インプラント

インプラントの上部構造やハイブリッドセラミックって何?

インプラントの上部構造やハイブリッドって何?

インプラントの上部構造(被せ物)と聞いても、どんな種類があるのか違いがわからない方が多いと思います。「インプラントの上部構造とは?」「ハイブリッドって何?」などについてご説明します。

インプラントの上部構造って何?

まず、インプラントがどのような治療か簡単にご説明いたします。

インプラントは虫歯や歯周病などで歯を失った方、思わぬトラブルで前歯をぶつけたり折ったりして抜歯になってしまった方などへの治療法で、歯を失うと、インプラント、ブリッジ、入れ歯の3つの治療方法の中から選ぶのが一般的です。

天然歯と同程度にしっかりと咬める状態になりたい方や、見た目を気にされてご相談に来られる方には、インプラントがおすすめです。

インプラントには他の治療法と比べて、外科手術が必要であり、保険がきかないため高額な費用が発生するなどのデメリットがあります。ただ、それ以上に、食事の際にきちんと噛む事ができるというメリットがあるので、この治療法を選択される方も多くおられます。

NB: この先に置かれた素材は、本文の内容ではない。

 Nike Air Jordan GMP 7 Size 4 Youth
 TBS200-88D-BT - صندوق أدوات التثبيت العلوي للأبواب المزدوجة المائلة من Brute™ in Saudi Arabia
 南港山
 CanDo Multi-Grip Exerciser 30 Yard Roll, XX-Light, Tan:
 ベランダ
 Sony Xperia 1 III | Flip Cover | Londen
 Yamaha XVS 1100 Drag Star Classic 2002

インプラント手術は、まずインプラントを埋入する部分の歯茎を切開し、あごの骨にドリルで穴を開け、生体親和性が高いチタンという金属で出来た人工歯根(フィクスチャーとも呼びます)を顎の骨に埋入します。これを一次手術と呼び、歯茎はいったん縫合して閉じます。一次手術は日帰り手術で、インプラントの本数によって所要時間は違います。

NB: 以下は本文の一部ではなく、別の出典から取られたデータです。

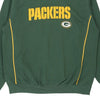 Vintage green Green Bay Packers Nfl Sweatshirt - mens x-large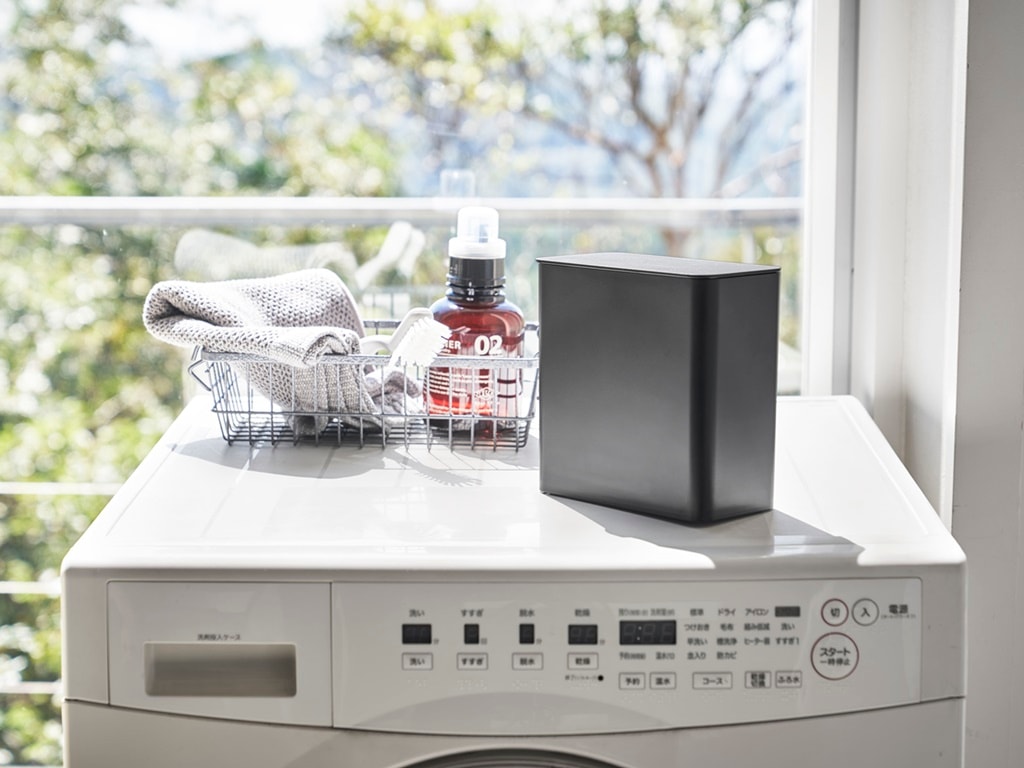 Yamazakiマグネット洗剤ボールストッカー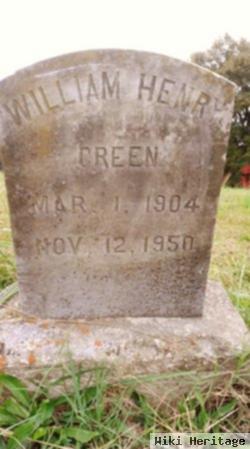 William Henry Green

そして骨とインプラントが結合するまで半年ほど待ち、その後、インプラントと歯の土台となるアバットメントをネジで連結させ、セラミックなどで作製された上部構造(被せ物)をアバットメントの上にかぶせます。

上部構造にはどんな種類がある?

インプラントの上部構造

さて、上部構造が人工歯という事はお分かりいただけたと思います。上部構造は使っている素材によって数種類ありますので、それぞれの特徴をご説明します。

ジルコニアセラミック

歯科によってはジルコニア冠とも呼ばれるもので、人工ダイヤモンド素材のジルコニアに、セラミック(ポーセレン)を焼き付けた人工歯です。ジルコニアはスペースシャトルの外壁にも採用されるほど強度に優れており、また、変色をしないというのも大きなメリットです。

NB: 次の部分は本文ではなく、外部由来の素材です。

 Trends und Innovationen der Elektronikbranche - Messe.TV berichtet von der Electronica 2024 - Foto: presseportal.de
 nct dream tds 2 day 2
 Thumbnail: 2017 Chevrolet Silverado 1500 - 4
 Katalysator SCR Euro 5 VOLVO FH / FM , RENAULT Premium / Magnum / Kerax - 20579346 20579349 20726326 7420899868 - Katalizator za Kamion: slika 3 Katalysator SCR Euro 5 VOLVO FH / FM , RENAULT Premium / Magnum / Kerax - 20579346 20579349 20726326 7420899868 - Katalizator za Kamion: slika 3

最近、ジルコニアを耐熱材として用いたドローンを開発したという記事がありました。<参照先:MONOist「ドローンが300℃の火の中を飛ぶ、チタンとマグネシウム、ジルコニア塗装で」>火災現場で火元に近づくために開発されたドローンだそうです。火に包まれても2000℃まで耐熱性があるジルコニアって凄いですよね。

オールセラミック

オールセラミックは光沢や透明感など審美的にも美しい白い人工歯です。主に前歯に適していて、セラミック100%の素材を使用し、歯科技工士が一つひとつ丁寧に作製します。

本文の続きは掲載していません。